ACTIVITY: Output only the lines from the start of the entries through the line holding "2023 Lincoln Aviator Reserve AWD's photo". Each line must match the original exactly.

SUPPLIED DATA:
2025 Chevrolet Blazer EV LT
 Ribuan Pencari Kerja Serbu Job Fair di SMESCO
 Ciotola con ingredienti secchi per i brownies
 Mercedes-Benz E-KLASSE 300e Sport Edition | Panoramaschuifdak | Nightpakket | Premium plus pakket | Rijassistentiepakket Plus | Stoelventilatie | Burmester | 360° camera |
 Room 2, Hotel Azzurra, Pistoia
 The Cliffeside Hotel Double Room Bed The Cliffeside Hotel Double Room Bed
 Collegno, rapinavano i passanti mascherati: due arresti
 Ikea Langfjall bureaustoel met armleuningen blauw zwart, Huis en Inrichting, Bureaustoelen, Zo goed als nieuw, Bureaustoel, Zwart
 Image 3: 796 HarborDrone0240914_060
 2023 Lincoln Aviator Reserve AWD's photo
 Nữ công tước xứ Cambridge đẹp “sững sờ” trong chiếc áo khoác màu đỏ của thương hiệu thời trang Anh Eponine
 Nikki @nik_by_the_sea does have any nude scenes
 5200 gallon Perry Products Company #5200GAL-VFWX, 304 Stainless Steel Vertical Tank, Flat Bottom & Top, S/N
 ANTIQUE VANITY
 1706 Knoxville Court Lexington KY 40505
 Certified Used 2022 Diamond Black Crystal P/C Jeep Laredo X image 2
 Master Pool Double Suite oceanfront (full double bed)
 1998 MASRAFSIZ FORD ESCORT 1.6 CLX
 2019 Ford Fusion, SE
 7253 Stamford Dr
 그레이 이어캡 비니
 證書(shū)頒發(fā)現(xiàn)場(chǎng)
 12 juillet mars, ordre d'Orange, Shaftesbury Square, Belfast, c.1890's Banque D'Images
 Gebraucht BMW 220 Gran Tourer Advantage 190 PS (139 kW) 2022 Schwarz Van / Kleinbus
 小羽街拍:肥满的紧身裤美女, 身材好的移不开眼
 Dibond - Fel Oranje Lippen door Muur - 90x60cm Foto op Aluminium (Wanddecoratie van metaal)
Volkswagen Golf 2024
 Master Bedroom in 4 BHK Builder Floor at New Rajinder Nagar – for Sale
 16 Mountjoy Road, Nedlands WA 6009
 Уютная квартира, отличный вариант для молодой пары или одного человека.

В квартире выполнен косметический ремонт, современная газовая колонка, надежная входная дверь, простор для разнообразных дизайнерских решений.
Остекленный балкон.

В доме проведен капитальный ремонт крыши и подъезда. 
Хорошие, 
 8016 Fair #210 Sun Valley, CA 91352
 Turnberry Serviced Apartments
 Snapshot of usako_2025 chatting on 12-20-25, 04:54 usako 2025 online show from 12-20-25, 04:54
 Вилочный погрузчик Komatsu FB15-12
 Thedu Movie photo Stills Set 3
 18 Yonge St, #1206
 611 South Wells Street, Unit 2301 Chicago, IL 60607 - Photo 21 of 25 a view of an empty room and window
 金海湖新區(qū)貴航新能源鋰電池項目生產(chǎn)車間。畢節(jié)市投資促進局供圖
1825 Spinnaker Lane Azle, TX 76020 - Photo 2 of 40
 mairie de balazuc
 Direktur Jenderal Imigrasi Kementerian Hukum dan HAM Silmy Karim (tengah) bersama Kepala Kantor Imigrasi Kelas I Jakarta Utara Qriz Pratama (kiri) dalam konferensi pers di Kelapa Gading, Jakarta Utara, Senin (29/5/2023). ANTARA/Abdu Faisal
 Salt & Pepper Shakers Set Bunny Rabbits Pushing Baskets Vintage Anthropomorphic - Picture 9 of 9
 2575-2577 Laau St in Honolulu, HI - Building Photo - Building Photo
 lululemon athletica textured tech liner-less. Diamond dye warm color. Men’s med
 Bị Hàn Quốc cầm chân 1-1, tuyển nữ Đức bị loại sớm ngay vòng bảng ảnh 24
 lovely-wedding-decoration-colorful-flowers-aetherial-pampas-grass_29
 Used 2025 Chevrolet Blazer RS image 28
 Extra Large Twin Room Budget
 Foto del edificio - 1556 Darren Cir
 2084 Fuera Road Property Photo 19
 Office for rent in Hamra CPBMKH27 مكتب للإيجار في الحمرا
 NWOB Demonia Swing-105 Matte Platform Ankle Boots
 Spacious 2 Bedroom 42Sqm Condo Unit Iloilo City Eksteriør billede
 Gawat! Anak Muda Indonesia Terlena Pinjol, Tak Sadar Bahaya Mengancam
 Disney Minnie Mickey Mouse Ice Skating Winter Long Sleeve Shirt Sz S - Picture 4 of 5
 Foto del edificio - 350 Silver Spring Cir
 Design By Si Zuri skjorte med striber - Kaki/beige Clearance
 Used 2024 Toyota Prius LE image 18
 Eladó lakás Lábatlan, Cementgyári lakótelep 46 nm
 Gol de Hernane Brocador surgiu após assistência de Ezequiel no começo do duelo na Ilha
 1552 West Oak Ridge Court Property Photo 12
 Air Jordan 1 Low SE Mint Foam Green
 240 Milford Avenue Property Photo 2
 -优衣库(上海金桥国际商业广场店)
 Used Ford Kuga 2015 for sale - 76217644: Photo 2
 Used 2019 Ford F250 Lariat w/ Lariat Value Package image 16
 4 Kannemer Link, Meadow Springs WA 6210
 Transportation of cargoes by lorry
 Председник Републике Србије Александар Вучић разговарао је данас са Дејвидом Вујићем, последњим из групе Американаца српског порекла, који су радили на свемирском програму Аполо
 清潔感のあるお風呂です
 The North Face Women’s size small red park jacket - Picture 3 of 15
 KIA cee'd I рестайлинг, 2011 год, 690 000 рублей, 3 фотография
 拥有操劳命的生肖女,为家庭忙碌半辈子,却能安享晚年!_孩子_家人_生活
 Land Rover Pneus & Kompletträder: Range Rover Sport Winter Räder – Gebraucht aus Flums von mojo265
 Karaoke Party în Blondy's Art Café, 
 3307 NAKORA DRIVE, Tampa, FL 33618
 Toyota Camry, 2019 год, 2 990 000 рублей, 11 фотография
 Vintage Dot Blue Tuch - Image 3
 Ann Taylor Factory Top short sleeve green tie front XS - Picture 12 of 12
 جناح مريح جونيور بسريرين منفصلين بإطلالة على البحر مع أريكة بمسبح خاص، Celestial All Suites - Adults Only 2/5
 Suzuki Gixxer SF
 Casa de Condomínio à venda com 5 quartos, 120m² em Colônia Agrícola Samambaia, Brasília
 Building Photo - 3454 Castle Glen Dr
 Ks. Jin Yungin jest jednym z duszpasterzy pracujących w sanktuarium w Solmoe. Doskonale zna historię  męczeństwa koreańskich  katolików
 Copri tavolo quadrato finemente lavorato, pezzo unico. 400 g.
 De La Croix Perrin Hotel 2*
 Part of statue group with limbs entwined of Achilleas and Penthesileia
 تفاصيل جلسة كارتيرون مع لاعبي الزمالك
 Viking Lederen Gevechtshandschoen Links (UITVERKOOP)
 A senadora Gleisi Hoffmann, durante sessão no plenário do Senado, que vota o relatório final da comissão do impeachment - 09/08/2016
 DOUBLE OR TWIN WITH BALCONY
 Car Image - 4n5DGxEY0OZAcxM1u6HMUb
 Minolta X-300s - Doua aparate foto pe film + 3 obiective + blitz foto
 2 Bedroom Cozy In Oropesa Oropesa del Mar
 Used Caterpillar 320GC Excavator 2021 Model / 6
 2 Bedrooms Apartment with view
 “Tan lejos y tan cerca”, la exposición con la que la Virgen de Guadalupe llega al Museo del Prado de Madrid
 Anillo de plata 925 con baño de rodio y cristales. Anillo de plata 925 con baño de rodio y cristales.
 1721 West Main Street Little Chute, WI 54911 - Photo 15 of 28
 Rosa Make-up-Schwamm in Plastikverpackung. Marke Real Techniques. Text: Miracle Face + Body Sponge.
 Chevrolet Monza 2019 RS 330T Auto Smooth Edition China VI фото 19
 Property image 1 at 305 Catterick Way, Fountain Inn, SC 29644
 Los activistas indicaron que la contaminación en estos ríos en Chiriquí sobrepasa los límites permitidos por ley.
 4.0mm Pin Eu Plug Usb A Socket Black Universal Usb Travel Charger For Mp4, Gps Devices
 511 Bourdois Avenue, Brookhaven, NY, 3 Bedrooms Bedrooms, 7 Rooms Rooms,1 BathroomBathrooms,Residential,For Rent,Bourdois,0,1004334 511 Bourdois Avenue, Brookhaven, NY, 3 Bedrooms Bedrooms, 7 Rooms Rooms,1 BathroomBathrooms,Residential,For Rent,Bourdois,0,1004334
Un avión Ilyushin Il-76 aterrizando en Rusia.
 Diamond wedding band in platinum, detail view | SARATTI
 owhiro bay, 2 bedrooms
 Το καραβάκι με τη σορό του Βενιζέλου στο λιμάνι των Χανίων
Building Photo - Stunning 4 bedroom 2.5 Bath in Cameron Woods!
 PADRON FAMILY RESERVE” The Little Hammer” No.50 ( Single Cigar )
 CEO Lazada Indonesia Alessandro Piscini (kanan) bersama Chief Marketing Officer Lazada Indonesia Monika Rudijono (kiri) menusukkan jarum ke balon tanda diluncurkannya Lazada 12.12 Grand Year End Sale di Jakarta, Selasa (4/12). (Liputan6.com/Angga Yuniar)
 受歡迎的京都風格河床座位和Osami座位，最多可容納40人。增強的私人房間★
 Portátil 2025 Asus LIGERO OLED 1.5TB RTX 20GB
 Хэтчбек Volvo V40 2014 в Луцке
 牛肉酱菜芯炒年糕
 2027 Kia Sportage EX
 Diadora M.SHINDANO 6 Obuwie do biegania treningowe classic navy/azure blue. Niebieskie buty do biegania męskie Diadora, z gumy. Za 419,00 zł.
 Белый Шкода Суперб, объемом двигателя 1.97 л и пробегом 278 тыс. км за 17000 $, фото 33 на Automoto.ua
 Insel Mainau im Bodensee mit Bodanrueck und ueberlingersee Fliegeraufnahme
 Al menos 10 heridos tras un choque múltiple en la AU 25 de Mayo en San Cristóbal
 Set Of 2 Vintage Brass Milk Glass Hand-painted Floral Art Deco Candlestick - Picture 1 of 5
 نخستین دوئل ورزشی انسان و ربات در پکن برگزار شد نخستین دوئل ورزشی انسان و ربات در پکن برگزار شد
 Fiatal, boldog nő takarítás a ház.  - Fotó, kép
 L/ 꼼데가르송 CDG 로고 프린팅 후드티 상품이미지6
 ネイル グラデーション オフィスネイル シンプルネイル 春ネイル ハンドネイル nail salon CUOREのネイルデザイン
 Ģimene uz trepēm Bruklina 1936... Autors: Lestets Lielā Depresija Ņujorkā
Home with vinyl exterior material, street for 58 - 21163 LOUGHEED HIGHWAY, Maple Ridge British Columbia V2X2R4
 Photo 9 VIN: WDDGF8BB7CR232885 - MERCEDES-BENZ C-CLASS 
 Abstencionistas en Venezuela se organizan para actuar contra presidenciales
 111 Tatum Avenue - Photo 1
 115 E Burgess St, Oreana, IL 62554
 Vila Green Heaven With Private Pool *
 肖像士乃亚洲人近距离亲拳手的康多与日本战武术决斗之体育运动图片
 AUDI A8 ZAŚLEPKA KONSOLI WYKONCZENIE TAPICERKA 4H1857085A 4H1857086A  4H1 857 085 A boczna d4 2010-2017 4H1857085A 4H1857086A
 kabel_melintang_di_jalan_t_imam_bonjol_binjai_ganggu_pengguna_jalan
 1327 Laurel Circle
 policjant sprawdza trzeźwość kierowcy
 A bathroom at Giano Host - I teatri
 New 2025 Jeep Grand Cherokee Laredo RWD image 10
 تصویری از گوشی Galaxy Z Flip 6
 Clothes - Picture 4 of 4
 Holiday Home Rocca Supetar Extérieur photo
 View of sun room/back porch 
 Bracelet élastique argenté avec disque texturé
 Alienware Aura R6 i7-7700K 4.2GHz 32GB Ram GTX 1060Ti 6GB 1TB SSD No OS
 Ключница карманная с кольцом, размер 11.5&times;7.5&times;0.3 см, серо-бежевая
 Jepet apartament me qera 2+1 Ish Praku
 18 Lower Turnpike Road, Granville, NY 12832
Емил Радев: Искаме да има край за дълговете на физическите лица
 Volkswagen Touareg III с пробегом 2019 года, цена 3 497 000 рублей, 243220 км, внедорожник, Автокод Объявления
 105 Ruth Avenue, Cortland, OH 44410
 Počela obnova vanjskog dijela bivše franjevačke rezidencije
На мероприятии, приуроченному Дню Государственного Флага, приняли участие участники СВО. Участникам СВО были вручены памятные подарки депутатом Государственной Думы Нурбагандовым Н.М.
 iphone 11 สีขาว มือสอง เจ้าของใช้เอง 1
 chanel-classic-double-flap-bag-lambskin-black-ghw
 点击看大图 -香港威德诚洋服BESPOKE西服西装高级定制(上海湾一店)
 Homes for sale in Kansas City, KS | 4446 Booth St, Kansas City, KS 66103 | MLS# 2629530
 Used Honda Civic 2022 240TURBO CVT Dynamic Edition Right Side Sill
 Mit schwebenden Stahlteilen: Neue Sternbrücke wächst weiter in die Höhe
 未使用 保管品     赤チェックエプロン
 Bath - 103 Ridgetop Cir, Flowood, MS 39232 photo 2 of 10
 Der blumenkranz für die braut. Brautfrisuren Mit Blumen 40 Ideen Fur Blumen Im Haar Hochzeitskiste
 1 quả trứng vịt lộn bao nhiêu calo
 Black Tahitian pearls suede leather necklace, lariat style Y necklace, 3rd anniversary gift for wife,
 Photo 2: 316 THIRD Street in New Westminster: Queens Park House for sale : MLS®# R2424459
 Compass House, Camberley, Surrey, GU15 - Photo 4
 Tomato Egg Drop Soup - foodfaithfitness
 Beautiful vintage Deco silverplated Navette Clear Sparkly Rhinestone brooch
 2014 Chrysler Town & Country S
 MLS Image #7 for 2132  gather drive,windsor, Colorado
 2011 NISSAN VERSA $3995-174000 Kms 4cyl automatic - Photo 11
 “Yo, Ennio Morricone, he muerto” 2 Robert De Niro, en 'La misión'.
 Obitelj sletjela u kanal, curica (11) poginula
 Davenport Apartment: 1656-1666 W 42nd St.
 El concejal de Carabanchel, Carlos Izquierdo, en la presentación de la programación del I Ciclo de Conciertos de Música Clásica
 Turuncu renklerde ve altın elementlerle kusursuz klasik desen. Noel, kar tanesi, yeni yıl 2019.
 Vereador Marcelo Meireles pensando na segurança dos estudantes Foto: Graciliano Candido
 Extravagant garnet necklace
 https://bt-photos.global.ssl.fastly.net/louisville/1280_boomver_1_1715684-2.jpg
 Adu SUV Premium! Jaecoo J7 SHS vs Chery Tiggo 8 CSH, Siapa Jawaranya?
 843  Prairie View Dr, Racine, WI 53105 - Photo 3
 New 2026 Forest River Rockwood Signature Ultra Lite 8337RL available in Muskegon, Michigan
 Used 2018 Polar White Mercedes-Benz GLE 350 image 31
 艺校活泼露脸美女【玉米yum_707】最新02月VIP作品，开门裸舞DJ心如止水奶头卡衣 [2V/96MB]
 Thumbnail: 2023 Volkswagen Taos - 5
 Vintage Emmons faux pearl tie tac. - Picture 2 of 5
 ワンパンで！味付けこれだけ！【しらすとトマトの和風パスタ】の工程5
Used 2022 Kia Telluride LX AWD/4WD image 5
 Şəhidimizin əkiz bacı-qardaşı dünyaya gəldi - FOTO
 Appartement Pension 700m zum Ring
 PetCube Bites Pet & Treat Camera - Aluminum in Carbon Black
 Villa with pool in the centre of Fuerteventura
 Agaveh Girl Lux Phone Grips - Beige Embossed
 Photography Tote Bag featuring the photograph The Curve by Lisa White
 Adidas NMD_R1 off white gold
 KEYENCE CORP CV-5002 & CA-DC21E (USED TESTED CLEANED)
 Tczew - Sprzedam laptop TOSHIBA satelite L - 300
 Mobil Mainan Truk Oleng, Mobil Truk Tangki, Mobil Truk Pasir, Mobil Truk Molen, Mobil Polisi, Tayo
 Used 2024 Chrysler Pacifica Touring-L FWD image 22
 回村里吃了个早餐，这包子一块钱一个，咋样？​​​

OUTPUT OF THE EXERCISE:
2025 Chevrolet Blazer EV LT
 Ribuan Pencari Kerja Serbu Job Fair di SMESCO
 Ciotola con ingredienti secchi per i brownies
 Mercedes-Benz E-KLASSE 300e Sport Edition | Panoramaschuifdak | Nightpakket | Premium plus pakket | Rijassistentiepakket Plus | Stoelventilatie | Burmester | 360° camera |
 Room 2, Hotel Azzurra, Pistoia
 The Cliffeside Hotel Double Room Bed The Cliffeside Hotel Double Room Bed
 Collegno, rapinavano i passanti mascherati: due arresti
 Ikea Langfjall bureaustoel met armleuningen blauw zwart, Huis en Inrichting, Bureaustoelen, Zo goed als nieuw, Bureaustoel, Zwart
 Image 3: 796 HarborDrone0240914_060
 2023 Lincoln Aviator Reserve AWD's photo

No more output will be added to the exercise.